Saturday, July 25, 2020

Kazakhs who Live in Russia Acculturating but Not Assimilating, Ethnographer Says


Paul Goble

            Staunton, July 23 – Many Russian officials hope and many non-Russians fear that diasporas from the former union republics living in the Russian Federation will assimilate; but a new study of Kazakhs there finds that while some of them are acculturating, changing their language or certain behaviors almost none are assimilating and reidentifying as Russians.  

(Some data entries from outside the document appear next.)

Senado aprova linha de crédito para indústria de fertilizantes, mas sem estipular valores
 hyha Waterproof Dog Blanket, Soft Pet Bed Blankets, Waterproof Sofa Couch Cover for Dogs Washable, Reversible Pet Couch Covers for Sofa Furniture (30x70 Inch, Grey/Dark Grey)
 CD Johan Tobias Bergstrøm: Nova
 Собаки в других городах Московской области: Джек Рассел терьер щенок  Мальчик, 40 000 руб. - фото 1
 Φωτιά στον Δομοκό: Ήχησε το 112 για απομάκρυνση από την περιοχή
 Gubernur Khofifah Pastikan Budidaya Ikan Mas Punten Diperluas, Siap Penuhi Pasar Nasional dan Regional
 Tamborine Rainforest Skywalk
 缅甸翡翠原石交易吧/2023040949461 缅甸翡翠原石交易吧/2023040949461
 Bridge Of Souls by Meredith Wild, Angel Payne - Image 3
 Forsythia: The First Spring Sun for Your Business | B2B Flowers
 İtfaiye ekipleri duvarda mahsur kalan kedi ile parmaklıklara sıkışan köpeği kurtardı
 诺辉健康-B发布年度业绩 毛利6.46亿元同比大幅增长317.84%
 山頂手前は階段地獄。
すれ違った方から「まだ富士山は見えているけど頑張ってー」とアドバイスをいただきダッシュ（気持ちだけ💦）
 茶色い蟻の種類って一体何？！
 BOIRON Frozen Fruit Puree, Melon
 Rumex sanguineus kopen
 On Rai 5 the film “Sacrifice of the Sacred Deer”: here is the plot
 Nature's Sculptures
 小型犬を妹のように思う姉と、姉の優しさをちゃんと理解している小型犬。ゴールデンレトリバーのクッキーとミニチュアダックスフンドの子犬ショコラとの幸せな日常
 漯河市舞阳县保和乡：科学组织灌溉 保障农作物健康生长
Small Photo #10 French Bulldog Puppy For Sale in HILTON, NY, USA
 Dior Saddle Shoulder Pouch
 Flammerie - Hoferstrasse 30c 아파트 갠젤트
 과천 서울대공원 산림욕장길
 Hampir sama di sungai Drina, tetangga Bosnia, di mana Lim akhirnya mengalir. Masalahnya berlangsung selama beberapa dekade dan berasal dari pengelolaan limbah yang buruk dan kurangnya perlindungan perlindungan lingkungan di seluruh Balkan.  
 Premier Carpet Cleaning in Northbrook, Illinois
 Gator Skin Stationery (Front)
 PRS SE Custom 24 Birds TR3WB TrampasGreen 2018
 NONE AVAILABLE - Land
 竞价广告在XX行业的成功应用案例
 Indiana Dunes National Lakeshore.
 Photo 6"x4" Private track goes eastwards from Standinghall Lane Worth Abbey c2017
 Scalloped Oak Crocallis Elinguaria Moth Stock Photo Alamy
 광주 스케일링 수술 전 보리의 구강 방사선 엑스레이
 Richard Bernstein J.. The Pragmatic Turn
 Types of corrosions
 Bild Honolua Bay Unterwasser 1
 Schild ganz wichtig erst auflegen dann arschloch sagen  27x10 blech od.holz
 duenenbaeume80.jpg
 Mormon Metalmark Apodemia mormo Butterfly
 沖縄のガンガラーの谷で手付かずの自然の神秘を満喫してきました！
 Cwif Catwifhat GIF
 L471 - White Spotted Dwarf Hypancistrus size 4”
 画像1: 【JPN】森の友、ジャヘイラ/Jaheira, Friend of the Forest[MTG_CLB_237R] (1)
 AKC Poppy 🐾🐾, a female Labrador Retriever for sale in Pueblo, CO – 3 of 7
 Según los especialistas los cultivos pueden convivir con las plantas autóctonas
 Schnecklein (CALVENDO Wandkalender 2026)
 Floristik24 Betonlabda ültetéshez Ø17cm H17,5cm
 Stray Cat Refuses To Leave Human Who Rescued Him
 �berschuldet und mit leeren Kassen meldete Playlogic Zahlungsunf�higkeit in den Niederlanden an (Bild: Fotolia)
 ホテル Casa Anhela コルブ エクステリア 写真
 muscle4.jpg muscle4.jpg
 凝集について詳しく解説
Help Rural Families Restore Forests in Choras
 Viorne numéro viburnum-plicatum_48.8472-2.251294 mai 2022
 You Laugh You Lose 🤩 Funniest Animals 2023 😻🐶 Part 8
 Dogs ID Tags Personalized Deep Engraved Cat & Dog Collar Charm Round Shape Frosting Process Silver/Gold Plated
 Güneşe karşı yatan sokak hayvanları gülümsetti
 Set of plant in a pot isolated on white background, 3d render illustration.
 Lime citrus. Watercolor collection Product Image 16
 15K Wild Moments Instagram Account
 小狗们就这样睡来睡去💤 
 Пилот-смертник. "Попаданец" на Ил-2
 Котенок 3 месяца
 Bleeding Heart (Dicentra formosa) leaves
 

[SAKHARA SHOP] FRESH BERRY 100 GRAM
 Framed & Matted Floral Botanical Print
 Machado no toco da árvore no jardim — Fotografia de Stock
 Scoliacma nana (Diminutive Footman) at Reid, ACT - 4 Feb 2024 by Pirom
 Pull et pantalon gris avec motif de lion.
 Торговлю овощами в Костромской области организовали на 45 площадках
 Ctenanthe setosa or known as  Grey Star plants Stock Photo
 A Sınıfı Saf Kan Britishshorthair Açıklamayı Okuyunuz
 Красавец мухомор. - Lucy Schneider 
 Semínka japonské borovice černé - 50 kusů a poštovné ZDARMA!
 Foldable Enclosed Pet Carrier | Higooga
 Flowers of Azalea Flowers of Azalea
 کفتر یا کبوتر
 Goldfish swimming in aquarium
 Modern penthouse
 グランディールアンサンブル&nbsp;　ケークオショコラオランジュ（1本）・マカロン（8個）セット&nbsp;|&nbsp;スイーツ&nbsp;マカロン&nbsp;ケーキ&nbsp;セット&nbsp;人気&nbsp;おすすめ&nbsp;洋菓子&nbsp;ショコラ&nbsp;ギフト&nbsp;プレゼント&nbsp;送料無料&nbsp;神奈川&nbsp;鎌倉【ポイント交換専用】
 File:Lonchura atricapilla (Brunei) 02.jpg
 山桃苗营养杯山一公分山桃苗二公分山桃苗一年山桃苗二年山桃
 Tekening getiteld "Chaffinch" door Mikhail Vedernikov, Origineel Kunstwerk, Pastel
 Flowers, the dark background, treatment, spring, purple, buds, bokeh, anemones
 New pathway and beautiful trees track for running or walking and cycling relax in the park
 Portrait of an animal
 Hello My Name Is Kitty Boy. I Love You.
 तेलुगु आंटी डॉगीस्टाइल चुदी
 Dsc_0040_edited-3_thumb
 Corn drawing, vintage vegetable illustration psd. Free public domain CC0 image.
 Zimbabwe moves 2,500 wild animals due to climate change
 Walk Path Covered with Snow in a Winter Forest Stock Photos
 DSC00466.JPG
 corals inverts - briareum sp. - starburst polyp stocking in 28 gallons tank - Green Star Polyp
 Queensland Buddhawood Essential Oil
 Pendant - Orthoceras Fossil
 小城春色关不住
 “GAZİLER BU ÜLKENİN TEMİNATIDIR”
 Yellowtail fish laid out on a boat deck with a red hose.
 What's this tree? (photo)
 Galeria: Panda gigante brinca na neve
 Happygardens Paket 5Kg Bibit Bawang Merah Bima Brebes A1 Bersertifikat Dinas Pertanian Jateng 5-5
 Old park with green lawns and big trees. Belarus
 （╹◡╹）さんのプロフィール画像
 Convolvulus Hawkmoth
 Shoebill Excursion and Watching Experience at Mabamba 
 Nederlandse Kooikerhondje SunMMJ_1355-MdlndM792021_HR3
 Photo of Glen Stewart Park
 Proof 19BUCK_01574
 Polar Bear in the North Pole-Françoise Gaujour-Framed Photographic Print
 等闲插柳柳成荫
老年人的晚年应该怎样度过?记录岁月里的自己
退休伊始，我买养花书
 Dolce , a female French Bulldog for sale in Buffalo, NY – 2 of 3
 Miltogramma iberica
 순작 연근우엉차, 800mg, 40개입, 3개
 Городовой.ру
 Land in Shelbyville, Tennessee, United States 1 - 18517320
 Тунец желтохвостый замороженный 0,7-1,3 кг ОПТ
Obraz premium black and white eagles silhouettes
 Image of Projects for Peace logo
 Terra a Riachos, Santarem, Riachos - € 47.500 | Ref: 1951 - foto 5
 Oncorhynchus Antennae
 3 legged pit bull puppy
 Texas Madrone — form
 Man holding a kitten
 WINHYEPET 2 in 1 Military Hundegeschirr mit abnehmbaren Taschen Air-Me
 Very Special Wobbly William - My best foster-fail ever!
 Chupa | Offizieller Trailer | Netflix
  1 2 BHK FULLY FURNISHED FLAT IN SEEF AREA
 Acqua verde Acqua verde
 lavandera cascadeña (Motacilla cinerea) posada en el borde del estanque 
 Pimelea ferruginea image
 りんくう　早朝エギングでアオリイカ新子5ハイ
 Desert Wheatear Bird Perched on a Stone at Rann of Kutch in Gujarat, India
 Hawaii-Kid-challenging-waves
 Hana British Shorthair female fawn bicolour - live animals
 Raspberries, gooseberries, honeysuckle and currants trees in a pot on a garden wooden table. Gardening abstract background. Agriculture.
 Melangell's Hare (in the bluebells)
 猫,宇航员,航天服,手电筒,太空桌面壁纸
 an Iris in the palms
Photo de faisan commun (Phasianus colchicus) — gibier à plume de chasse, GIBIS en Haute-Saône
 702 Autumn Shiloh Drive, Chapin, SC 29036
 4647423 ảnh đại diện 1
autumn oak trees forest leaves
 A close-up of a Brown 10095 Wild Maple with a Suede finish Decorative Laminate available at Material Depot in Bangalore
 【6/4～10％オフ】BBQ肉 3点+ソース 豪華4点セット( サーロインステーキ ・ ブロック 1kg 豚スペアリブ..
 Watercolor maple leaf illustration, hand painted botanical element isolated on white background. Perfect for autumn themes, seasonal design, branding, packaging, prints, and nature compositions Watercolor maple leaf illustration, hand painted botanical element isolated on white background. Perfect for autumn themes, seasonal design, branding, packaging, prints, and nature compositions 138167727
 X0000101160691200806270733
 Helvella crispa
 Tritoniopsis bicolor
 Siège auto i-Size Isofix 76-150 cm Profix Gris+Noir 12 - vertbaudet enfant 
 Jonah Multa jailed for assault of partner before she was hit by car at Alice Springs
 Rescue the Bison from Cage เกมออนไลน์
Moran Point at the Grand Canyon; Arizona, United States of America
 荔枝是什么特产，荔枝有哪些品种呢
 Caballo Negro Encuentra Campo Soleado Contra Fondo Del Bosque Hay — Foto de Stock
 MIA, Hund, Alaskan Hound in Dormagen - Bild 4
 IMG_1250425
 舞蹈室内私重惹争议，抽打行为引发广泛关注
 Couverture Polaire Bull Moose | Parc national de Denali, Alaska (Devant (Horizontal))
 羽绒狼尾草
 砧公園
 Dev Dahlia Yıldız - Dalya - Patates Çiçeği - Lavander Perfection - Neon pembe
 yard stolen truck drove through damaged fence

            Yelena Larina, an ethnographer at Moscow State University, says that Kazakhs living in Russia today are retaining their identity as Kazakhs even though linguistically and behaviorally they are becoming different from Kazakhs in Kazakhstan in general and especially Kazakhs in the south of that country (ia-centr.ru/experts/iats-mgu/traditsii-i-svobodolyubie-chto-otlichaet-kazakhov-rossii-/).

            In many places, the Kazakhs of Russia live in largely mono-ethnic villages and neighborhoods in which their traditions remain strong; but even where they lived in ethnically mixed areas, the councils of aksakals (elders by deference if not by age) and of women work hard to maintain Kazakh family and clan identities and ethnic traditions.

            These bodies play a key role in deciding whether someone should return to Kazakhstan, whom he or she should marry, and even how such people should relate to other ethnic groups.  And that is the case even those most Kazakhs in Russia now speak Russian, a shift that means less than it does for other non-Russians given Russian speaking among Kazakhs in Kazakhstan.

            As a result, Larina continues, there is little or no danger of assimilation. Kazakhs interact mostly with themselves and marry within their national community. “The identity ‘I am a Kazakh and a Kazakh I will remain’” predominates. In part this is because of communal institutions; in part, it is because of the existence of a Kazakh state, Kazakhstan.

            According to the ethnographer, Kazakhs in Russia do not forget their family and clan ties and therefore continue to be rooted in the Kazakh nation.  They may behave somewhat differently than Kazakhs, especially those in the southern part of Kazakhstan, but they aren’t about to change their national identification.

            Indeed, Larina concludes, “the Kazakhs of Russia are in no way different from the Kazakhs of Pavlodar, Karaganda, or Uralsk,” although their views on gender and language are different from the more traditional Kazakhs of southern Kazakhstan where archaic values and Islam are far stronger.